The next day, we drove north of Nairobi to visit a rural community. There, we met the “Gitithia 5”, a family of orphans living alone in a home that an elderly grandmother had opened to them. They were being supported by a local church-based microfinance group that had established a modest social fund to care for the most vulnerable in their community. With each loan repayment, members pledged to contribute an additional fee. They had chosen to sponsor Rose, the youngest girl in this family, visiting her regularly and contributing to her school fees and basic household needs. While devastatingly poor and alone, this sibling group stayed together and experienced community generosity rather than end up on the streets of Nairobi. Today, these children are all grown up. Did Rose stay in school? Did she continue to stay connected in her community, in turn contributing to the life and care of others?
On the way back to Nairobi, we visited a small boarding and day school serving in an urban market community. Located at the junction of major national and international trade routes, this market bustled with truckers, bars, and prostitution rings. Here we met baby Joy. Just a few weeks old, she had been found abandoned in a basket behind their school. This was not the first time. Young women in this market community are so vulnerable to exploitation and abandonment. As the school received baby Joy into their community, and we took turns holding her and breathing in her peace and warmth, we all prayed for the young mother and the sacrifices she endured.
This year marks the 25th anniversary of the Beijing Platform for Action, a comprehensive and transformative agenda for global gender equity set forth by 170 member states at the United Nations’ Fourth World Conference on Women. 25 years later, many accomplishment have been made, including women’s increased access to education, healthcare and political participation. But we have also seen powerful pushbacks and damaging reversals of hard-won advances, as noted in UN Women’s just-released report “Women´s Rights in Review 25 years after Beijing.” Poverty, discrimination and violence are still strongly present in the lives of women and girls. Under-representation in power and decision-making is still the norm.

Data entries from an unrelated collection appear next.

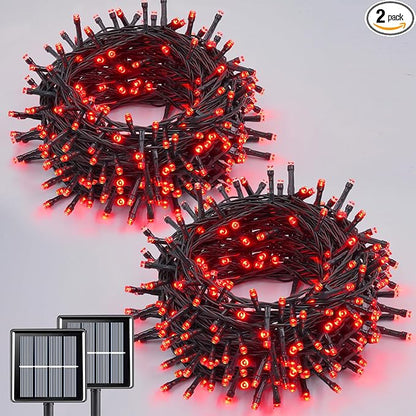 QITONG Red Solar String Lights, 2 Pack Each 66ft 200 LED Christmas Lights Outdoor Waterproof, 8 Modes Green Wire Twinkle Lights for Outside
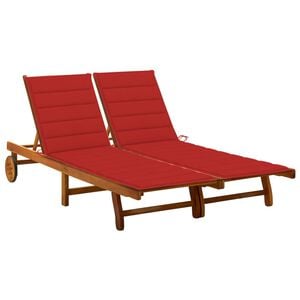 vidaXL Sunlounger Wooden brown, Red Cushion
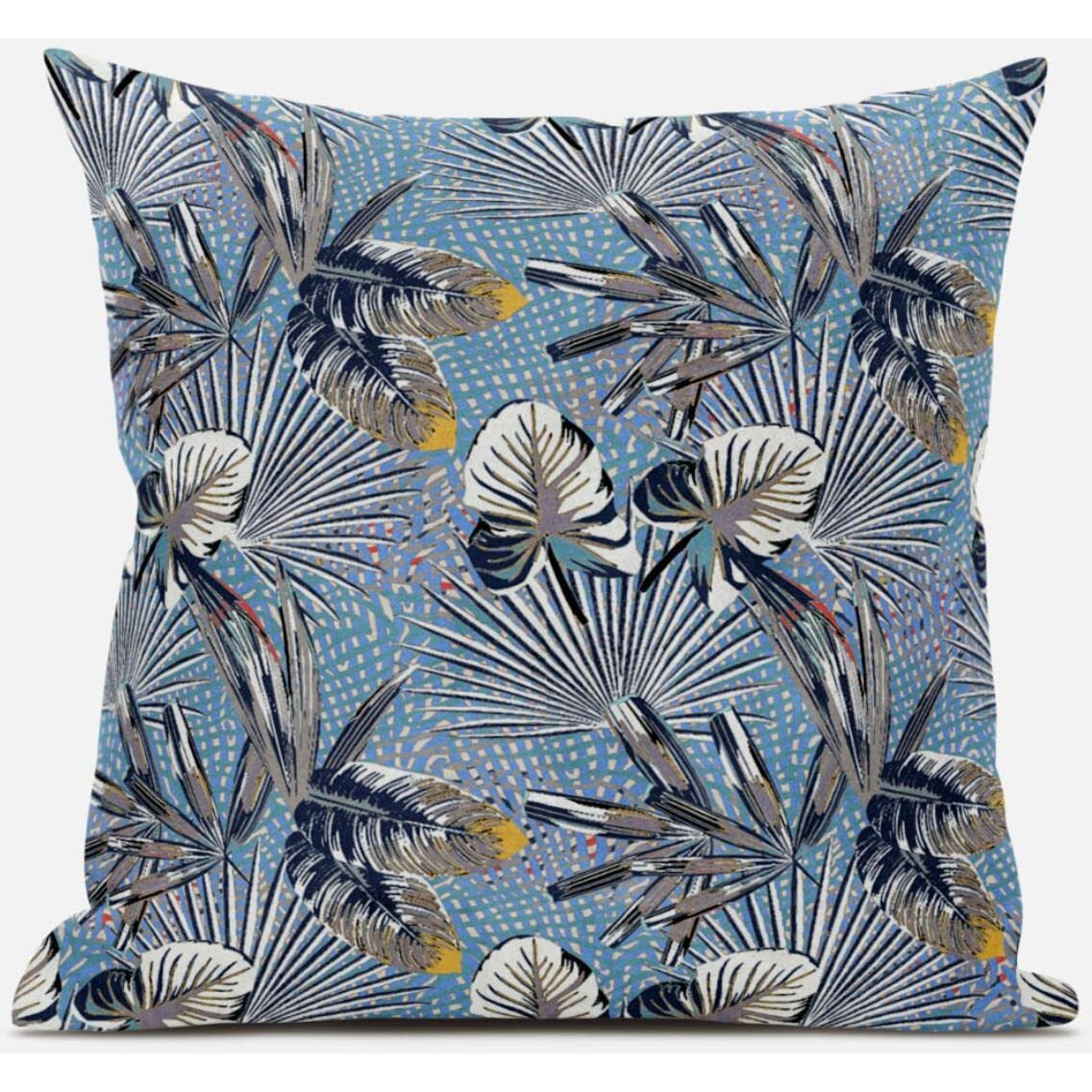 Amrita Sen Plant Illusion Throw Pillow with Removable Cover in Blue Green Pink 18x18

- Globally, progress on women’s access to paid work has ground to a halt. Less than two thirds of women (62 per cent) aged 25-54 are in the labor force, compared to more than nine out of ten (93 per cent) men.
- Women continue to shoulder the bulk of unpaid care and domestic work, and are on average paid 16 per cent less than men, rising to 35 per cent in some countries.
- Nearly one in five women (18 per cent) have faced violence from an intimate partner in the past year. New technologies are fueling new forms of violence, for which policy solutions are largely absent.
- 32 million girls are still not in school.
- Men still control three quarters of parliamentary seats.
- Women are largely excluded from peace processes, representing only 13 per cent of negotiators and only 4 per cent of signatories.
To catalyze systemic and lasting change the report points to the need to vastly increase financing for gender equality, to harness the potential of technology and innovation, and to ensure that development is inclusive of women and girls who face multiple forms of discrimination.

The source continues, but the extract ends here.